PSYCHIATRIST: I’m sorry, sir, I don’t do impressions. My training is in psychiatry!
(from the slapstick comedy Flying High)
John Howard has been a favourite target of impressionists from Max Gillies to the crew on the Mike Carlton Breakfast Show. But in industrial relations law and policy, few have made such a big impression as our good PM.
And now after years of crusading for change, it seems that the PM will finally have his chance to implement industrial nirvana. But will it be as heavenly as Mr Howard and his supporters from employer organisations imagine?
Mr Howard’s policy looks absolutely superb on paper. It will be easier to sack workers, especially for smaller businesses with up to 100 employees. Unions will have less power as enterprise bargaining is phased out more quickly and individual and workplace contracts become the norm.
Labor premiers, of course, are up in arms. Premier Bob Carr, the man who slashed injured workers’ entitlements for the sake of appeasing insurers, has seen the light and will fight the Howard reforms. He will be joined by his colleagues from other states in what promises to be a legal showdown in the High Court.
Who will win? Will Mr Howard have his day of glory? Will unions and workers be saved? Who knows? Who cares? One thing is for certain – whoever wins, the lawyers always win.
And not just lawyers acting for either side of the High Court challenge. Howard’s reforms will simply not work because they, like everything else created in policy nirvana, do not take into account how industrial law works on the ground. Mr Howard has failed to take account of how litigants and their advisers will be looking at the system, and how judges and commissioners will be administering the system.
One would expect that having one of Australia’s premier industrial counsel as one’s deputy would have given Mr Howard some idea of which way his reform winds should be blowing. Then again, one would also expect Mr Howard to advocate on behalf of all Australian citizens caught up in a spot of legal bother overseas. Yeah, right.
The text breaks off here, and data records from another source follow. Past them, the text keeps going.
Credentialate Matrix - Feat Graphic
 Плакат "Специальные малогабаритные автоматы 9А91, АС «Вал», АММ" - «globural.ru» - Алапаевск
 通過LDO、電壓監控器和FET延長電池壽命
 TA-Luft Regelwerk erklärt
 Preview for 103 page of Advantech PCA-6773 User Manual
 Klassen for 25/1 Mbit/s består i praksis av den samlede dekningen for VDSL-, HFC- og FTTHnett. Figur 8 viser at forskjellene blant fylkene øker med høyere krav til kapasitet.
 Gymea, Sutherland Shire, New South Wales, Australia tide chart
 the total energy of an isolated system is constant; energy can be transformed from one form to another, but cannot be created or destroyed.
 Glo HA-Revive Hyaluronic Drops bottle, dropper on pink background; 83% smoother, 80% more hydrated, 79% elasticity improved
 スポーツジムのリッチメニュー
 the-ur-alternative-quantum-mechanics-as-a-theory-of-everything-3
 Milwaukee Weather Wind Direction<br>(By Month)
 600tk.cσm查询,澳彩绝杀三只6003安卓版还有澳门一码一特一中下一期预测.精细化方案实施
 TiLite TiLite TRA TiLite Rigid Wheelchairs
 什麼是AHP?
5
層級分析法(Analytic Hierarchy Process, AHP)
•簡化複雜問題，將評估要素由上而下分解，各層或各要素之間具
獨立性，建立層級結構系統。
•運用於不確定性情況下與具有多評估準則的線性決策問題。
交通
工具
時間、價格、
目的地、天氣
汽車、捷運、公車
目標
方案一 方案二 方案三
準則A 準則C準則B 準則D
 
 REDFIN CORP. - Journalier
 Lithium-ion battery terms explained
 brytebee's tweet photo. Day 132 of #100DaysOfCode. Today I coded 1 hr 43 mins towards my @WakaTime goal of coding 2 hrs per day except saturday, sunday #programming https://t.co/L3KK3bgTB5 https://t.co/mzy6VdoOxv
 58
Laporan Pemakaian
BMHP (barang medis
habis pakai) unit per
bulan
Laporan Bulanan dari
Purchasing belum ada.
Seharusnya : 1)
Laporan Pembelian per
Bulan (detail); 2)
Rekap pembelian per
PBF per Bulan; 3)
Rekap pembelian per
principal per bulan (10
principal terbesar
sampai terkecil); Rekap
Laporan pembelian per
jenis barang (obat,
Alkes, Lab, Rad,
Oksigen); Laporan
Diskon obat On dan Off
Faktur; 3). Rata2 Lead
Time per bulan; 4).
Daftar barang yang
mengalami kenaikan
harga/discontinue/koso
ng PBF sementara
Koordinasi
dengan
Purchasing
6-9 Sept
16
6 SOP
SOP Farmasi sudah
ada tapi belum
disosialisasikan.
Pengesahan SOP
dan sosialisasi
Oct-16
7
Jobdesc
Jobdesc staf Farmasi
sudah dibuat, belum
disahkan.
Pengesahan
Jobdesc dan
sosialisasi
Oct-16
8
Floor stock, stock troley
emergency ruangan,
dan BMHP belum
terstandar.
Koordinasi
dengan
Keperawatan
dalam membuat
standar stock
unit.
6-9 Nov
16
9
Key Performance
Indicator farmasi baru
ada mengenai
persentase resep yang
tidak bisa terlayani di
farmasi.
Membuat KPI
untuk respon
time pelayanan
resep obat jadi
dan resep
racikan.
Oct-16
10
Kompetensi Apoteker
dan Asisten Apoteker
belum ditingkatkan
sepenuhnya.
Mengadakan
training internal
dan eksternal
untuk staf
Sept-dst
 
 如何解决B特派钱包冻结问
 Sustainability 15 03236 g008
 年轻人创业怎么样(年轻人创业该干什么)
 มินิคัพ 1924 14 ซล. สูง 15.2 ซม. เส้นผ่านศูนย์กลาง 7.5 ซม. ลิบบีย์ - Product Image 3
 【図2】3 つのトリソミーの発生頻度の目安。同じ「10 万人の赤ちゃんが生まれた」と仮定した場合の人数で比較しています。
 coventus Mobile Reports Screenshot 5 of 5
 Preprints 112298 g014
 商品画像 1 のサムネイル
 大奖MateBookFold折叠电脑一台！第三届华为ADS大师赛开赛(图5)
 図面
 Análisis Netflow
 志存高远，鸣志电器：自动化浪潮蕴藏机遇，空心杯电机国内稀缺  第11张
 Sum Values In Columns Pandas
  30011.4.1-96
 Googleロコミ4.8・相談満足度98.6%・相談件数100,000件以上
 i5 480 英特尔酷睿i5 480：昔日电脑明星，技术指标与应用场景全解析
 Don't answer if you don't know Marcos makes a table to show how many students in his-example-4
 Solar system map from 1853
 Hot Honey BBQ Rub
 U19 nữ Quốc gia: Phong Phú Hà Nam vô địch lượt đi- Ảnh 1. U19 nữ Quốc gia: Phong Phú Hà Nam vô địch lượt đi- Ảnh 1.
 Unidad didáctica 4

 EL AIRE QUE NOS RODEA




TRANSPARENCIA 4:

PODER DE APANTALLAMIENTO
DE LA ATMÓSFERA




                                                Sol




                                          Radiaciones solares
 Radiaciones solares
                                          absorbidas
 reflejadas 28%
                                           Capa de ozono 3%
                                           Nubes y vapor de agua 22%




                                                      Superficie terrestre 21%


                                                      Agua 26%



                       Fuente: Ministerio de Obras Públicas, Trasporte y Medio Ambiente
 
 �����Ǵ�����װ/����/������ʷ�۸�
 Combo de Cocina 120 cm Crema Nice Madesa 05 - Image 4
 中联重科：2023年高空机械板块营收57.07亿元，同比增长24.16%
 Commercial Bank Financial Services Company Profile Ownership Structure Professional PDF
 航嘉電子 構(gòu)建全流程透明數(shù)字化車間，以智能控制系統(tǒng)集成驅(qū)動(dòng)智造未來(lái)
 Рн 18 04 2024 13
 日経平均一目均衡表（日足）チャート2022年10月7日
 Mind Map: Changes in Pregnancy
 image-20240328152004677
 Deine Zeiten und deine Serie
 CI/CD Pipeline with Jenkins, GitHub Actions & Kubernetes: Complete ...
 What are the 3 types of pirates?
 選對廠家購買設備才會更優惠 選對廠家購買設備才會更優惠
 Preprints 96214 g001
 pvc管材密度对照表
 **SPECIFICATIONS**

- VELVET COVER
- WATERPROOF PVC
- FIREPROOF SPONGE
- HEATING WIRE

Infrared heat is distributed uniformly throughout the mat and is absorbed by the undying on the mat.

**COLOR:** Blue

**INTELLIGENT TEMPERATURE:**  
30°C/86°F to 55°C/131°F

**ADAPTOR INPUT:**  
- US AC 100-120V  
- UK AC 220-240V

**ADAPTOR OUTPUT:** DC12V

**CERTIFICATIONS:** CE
Mr Howard’s reforms simply won’t work. Let’s look at unfair dismissal. Say my fictitious client Jasmine approached me and said she had been working as a research scientist for a decade before being shafted by her laboratory management, would I first look at unfair dismissal? I might consider it as one option. But unfair dismissal has enormous disadvantages.
Jasmine could only get up to 6 months wages as compensation for unfair dismissal. She has to pay my fees out of that amount. If I take her matter to hearing, the fees might add up to $10,000. Her compensation might be three months wages. If she earns $800 per week, she will get $9,600 compensation. And this is before tax is deducted.
If Jasmine loses the case and is found to have made a frivolous or vexatious application, she might have to pay her employer’s legal fees.
And all these factors have to be considered and an application lodged within 21 days of dismissal. Rarely will a resignation under pressure be regarded as a dismissal.